The multithreading part was using POSIX threads.
I don't have any code for your OS, or your specific language, but the approach will be similar regardless of those things.
I create a number of threads that's the same as the number of logical cores (double the number of physical cores, due to hyperthreading on Intel processors.)
I then slice up my fractal into at least 2*threads number of rectangles, and create a pool of Job objects that contain descriptions of those rectangles for rendering.
I set up a thread-safe Job queue that provides a new job to the rendering threads on demand, and a thread-safe "number of pending jobs" counter that tracks the number of remaining jobs.

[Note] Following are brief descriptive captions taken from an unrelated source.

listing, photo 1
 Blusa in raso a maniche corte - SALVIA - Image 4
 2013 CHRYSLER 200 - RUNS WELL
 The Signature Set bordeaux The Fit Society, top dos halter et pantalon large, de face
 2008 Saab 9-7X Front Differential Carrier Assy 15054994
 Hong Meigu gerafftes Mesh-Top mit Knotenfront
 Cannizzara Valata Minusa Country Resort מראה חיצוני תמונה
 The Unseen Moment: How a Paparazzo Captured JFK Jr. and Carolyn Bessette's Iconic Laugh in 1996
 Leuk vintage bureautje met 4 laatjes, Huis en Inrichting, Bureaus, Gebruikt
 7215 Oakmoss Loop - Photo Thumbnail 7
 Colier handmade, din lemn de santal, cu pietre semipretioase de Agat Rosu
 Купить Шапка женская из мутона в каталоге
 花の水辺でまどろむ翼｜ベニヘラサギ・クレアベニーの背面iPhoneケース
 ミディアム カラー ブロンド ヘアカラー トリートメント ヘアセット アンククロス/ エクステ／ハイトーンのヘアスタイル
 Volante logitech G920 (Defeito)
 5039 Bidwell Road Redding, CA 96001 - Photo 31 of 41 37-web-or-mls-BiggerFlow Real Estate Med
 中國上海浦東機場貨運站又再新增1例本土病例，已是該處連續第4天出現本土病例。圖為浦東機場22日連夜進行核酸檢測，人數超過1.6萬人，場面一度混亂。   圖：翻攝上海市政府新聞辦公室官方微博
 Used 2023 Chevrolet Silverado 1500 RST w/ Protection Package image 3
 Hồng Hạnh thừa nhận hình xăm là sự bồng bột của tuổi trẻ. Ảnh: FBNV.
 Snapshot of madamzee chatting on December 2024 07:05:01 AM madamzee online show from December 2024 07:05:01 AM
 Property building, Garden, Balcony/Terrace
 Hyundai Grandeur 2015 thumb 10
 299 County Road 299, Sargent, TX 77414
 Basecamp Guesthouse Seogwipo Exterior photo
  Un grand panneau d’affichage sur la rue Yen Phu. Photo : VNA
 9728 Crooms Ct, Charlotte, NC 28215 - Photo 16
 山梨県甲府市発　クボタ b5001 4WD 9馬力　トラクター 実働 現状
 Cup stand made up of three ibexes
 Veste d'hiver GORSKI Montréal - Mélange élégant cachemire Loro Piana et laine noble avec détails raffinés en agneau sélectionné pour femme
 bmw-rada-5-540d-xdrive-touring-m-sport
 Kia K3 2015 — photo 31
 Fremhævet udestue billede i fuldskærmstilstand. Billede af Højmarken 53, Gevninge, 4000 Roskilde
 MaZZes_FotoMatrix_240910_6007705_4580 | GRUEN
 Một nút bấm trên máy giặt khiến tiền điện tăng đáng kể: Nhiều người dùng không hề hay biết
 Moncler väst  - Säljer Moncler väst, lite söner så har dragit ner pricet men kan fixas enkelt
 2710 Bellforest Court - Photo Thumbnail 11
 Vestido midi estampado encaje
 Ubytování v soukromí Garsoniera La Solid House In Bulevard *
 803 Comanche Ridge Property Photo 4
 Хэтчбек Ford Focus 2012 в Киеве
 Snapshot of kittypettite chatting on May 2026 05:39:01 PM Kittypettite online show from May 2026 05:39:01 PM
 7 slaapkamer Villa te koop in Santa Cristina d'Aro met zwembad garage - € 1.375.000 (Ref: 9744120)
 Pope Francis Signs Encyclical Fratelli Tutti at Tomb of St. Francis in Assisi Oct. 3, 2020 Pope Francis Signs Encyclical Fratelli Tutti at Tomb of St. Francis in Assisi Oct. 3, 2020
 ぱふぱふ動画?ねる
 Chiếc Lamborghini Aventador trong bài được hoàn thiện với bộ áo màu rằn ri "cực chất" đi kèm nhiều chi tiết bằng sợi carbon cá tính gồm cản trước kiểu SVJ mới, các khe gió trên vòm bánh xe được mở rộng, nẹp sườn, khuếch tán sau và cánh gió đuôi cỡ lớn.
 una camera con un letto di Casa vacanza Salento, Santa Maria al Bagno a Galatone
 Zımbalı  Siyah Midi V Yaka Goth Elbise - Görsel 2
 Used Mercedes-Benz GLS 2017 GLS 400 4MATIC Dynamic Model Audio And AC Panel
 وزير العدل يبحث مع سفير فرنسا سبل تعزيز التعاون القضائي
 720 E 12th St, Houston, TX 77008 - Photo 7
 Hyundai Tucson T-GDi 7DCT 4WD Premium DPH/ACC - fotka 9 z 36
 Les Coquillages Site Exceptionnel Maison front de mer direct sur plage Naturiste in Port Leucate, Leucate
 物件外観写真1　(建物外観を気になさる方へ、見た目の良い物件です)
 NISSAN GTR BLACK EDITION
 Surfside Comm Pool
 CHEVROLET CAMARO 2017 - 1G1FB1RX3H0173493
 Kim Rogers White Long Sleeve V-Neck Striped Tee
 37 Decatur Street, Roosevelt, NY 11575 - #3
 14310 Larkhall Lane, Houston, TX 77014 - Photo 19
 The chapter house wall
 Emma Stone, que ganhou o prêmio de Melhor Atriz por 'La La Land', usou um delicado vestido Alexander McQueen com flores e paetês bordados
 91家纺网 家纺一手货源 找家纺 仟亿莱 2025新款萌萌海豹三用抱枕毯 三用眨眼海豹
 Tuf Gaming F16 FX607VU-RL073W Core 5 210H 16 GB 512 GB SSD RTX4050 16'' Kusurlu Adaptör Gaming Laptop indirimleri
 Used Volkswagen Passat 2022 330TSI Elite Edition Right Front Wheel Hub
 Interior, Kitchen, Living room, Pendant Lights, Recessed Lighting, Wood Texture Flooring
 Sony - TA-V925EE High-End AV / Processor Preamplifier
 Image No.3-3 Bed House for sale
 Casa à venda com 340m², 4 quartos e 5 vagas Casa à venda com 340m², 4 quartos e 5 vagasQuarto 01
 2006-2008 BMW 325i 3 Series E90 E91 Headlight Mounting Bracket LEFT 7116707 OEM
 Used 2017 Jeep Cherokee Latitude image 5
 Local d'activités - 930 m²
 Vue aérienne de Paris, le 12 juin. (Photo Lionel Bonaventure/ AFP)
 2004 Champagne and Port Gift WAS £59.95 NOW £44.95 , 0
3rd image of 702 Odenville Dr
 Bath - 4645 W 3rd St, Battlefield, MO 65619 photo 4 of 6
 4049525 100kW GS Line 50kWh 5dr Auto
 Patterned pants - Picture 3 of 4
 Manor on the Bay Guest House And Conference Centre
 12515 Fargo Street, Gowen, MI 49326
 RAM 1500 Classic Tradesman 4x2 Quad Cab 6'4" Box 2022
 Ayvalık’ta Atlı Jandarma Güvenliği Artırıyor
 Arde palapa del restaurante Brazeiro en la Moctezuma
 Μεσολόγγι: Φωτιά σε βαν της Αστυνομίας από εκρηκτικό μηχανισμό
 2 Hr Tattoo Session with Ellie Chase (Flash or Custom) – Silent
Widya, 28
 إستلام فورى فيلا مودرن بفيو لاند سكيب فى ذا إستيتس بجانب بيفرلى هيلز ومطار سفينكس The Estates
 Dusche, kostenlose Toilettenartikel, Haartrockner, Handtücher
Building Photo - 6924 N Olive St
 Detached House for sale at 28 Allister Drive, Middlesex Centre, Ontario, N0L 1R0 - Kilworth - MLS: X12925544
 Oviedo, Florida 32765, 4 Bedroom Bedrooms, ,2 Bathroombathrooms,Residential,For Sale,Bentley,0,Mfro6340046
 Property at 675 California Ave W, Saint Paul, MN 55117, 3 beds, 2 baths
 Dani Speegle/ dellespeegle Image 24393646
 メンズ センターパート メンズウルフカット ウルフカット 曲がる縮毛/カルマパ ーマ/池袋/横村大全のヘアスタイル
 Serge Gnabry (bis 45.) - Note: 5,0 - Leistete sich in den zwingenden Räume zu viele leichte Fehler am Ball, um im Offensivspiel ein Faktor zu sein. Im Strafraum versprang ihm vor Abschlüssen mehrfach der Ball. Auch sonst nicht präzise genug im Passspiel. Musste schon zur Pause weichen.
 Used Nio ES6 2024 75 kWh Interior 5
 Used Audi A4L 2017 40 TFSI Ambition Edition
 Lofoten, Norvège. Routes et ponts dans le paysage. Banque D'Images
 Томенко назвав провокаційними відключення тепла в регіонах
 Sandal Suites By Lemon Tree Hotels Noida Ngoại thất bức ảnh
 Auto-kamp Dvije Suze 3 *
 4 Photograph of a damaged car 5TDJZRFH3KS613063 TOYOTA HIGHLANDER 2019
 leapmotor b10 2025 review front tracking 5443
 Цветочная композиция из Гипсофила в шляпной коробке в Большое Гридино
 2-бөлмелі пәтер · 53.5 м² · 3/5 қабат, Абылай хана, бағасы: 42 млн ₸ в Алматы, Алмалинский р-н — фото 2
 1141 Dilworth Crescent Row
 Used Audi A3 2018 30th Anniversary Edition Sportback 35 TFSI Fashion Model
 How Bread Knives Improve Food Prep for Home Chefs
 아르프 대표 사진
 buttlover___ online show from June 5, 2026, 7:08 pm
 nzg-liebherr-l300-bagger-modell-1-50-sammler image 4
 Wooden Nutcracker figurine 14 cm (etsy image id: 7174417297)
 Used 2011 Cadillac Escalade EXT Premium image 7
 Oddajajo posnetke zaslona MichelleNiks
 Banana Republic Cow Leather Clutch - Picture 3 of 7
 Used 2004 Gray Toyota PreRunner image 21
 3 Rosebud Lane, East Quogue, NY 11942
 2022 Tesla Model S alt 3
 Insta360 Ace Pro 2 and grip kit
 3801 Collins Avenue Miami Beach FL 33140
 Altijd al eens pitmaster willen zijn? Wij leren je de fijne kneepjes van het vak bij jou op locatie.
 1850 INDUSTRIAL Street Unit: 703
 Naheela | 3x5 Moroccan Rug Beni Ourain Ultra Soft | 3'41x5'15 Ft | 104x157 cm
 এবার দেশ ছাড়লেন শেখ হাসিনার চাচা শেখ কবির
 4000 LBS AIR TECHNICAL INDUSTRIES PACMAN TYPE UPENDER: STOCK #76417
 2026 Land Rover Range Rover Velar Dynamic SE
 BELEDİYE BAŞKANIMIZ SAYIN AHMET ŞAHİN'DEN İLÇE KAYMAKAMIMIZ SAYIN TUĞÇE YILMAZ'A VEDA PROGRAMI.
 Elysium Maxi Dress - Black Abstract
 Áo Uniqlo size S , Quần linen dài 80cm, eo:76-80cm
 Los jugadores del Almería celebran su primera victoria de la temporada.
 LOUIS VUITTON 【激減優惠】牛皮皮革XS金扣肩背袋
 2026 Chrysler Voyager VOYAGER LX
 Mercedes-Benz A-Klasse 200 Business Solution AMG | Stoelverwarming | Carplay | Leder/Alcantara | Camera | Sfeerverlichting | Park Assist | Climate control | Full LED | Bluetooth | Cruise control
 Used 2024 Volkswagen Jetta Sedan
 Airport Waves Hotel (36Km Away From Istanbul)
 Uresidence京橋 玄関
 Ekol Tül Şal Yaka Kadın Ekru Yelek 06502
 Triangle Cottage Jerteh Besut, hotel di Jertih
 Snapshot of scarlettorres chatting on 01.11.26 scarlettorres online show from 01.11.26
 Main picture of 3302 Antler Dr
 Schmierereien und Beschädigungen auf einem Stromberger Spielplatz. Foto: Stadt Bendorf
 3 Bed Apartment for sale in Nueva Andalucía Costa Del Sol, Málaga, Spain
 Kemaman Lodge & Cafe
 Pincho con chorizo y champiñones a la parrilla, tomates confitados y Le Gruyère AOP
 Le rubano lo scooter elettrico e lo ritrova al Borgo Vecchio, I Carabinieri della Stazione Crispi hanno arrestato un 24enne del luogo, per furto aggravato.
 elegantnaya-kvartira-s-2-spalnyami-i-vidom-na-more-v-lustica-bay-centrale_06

Each thread asks the job queue for a job to do. It then renders that job from beginning to end, and then tells the job counter to decrement the number of pending jobs, before asking the job queue for another job to do. Once the number of pending jobs drops to zero, the plot is complete.
Google Windows thread-safe queues and thread-safe counters for more information. The specific implementation will be different from UNIX to Windows, but the concepts will be the same-
Since there are at least twice as many jobs to do as threads to do them, threads that are assigned fast-completing tasks are able to ask for another task to do once they complete their work.
On the main thread, I monitor the number of pending jobs, and when it reaches zero, I render the fractal to the screen.
My program renders Mandelbrot and Julia set fractals, and uses boundary following to avoid rendering the interiors of contiguous areas of Mandelbrot points (and other contiguous regions with the same iteration count if it's not calculating fractional iterations or distance esimtates). Boundary following is the fastest when the area being rendered has a small ratio of perimeter to internal area, so cutting the plot into too many narrow slices ends up being counter-productive. I slice my plot into horizontal slices, which isn't ideal. I should really divide it into smaller and smaller squares, since long skinny rectangles have more perimeter than squares with the same area, but it nevertheless works well.
I recently added a section to the Wikipedia article on the Mandelbrot set on multi-threading and other optimizations. You can read it here. (It starts out discussing border tracing, and then there's a section on more general multi-threading.)
(Note that border tracing makes a dramatically larger difference than multi-threading.)